**Exercise directions**
Output only the lines that run from the line holding "Eric Zemmour, un futur candidat entouré." to the end of the data below, including both ends, without any pictures.
──────── Material provided ────────
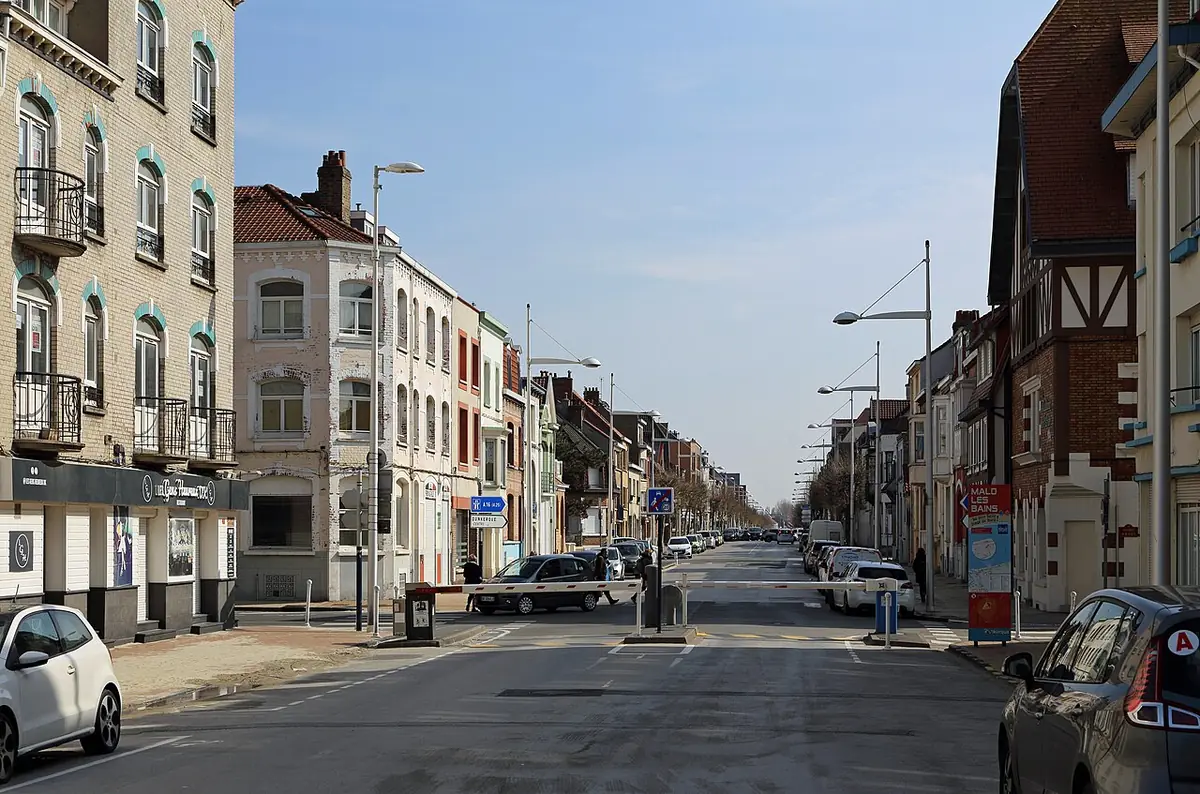 L’avenue de la Mer à Malo-les-Bains, bordée d’immeubles et de maisons de ville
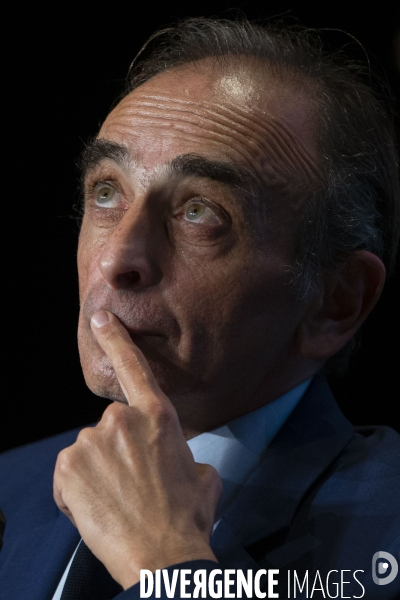 Eric Zemmour, un futur candidat entouré.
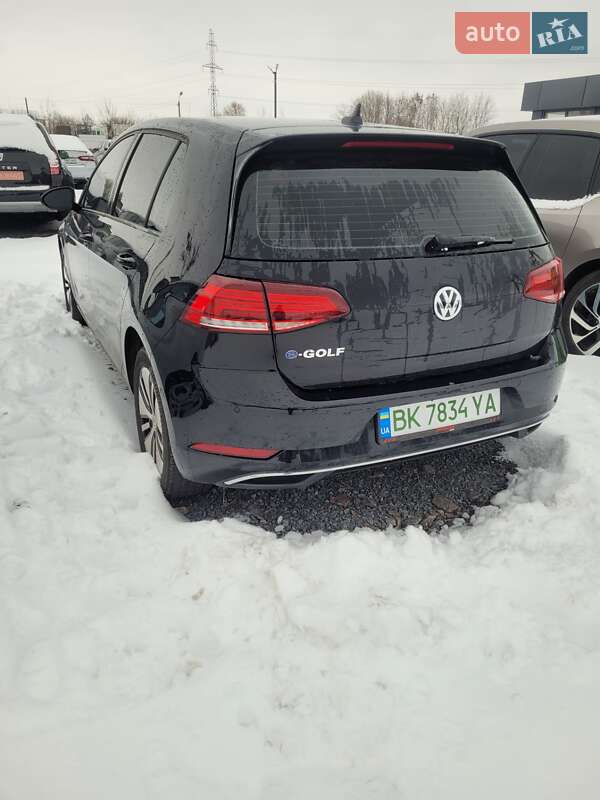 Хэтчбек Volkswagen e-Golf 2018 в Ровно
────────
**Your response**
 Eric Zemmour, un futur candidat entouré.
 Хэтчбек Volkswagen e-Golf 2018 в Ровно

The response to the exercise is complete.